Problem statement: Return every record below exactly as written, but leave out the pictures.

[Captioned web image data]
---

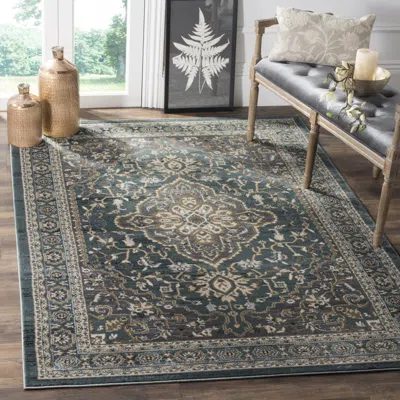 Safavieh Lyndhurst Machine Made Area Rug, Teal / Grey Traditional Style Easy Care In Green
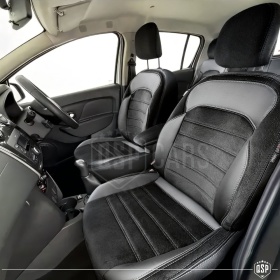 COPRISEDILI Per Dacia Sandero Stepway 2 SU MISURA, PELLE Pu ed Effetto Scamosciato Nero | Certificati TÜV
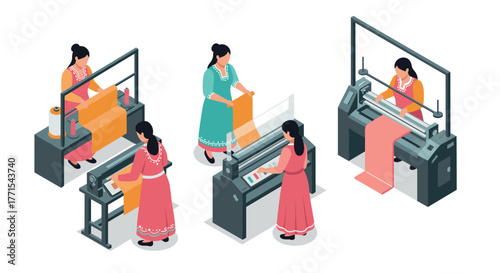Isometric women working with textile machines in traditional attire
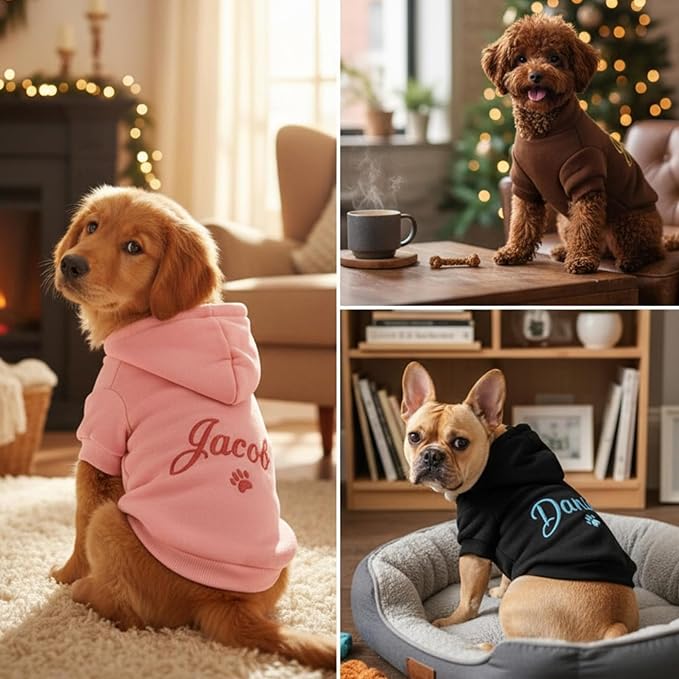 Personalized Name Dog Hoodie, Embroidered Hoodies Pets Name, Custom Pet Memorial, Bright Puppy Sweatshirt, Customized Pet Clothes Warm Winter Outfit for Dogs, Gift for Dog Lovers Style 2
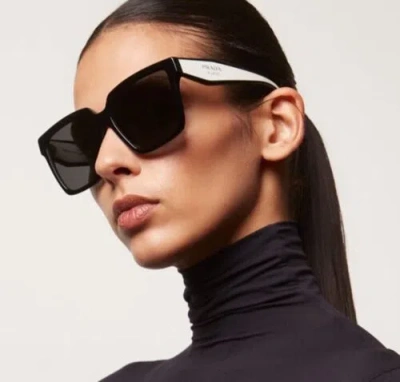 Pre-owned Prada Pr 24zs 1ab5so Black White Grey Lenses Women Square Sunglasses Authentic In Gray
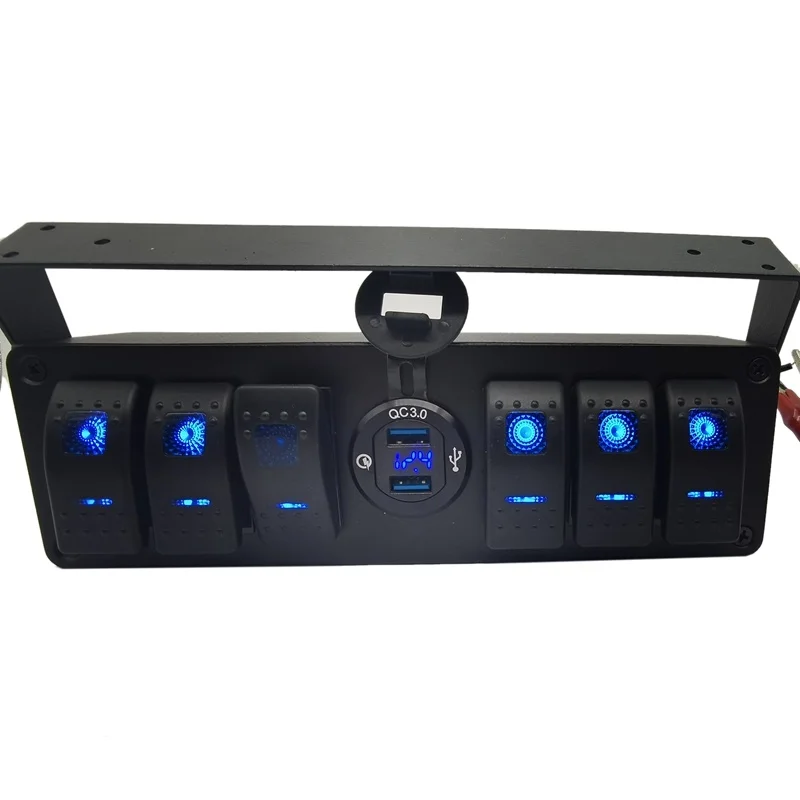 6 Gang Rocker Toggle Switch Panel ​W/Quick Charge 3.0 USB Charger & Voltmeter Marine Boat Truck Car 12V-24V Blue Led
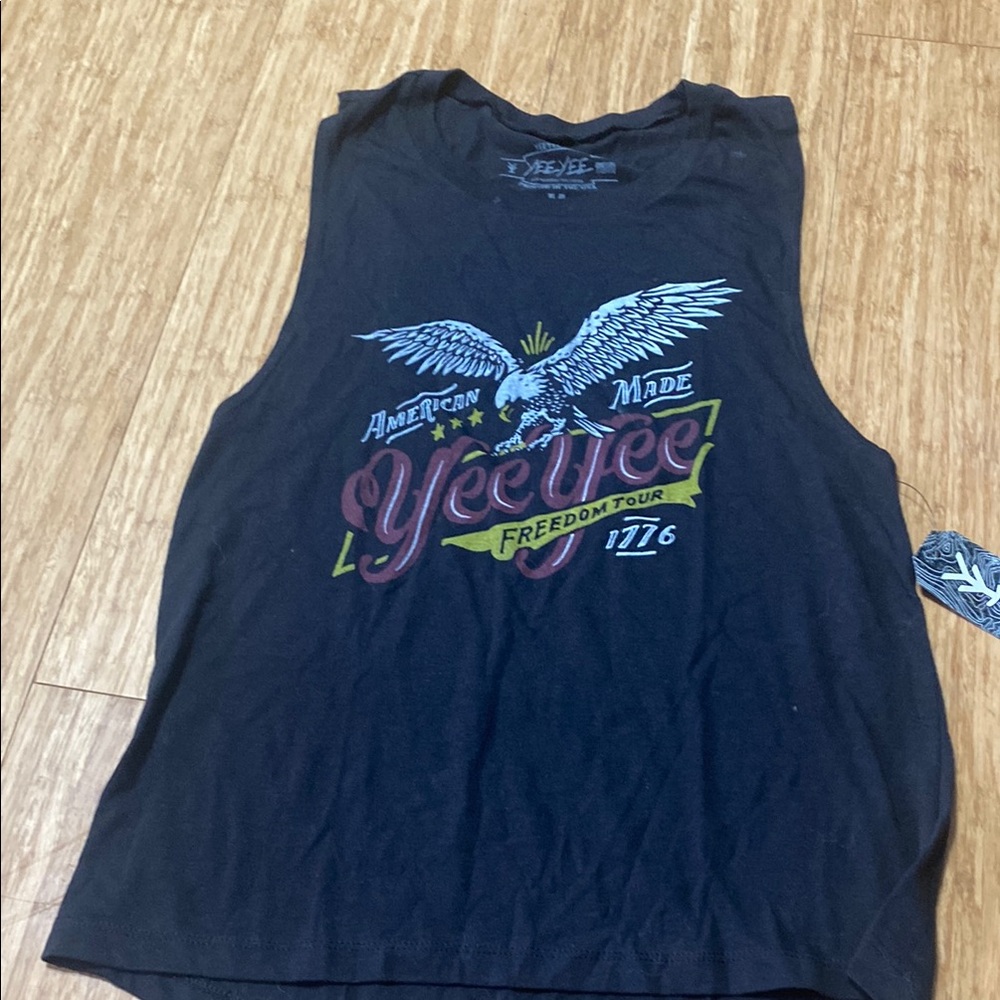 Black Sleeveless Graphic Tee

---

Task answer:
 Safavieh Lyndhurst Machine Made Area Rug, Teal / Grey Traditional Style Easy Care In Green
 COPRISEDILI Per Dacia Sandero Stepway 2 SU MISURA, PELLE Pu ed Effetto Scamosciato Nero | Certificati TÜV
Isometric women working with textile machines in traditional attire
 Personalized Name Dog Hoodie, Embroidered Hoodies Pets Name, Custom Pet Memorial, Bright Puppy Sweatshirt, Customized Pet Clothes Warm Winter Outfit for Dogs, Gift for Dog Lovers Style 2
 Pre-owned Prada Pr 24zs 1ab5so Black White Grey Lenses Women Square Sunglasses Authentic In Gray
 6 Gang Rocker Toggle Switch Panel ​W/Quick Charge 3.0 USB Charger & Voltmeter Marine Boat Truck Car 12V-24V Blue Led
 Black Sleeveless Graphic Tee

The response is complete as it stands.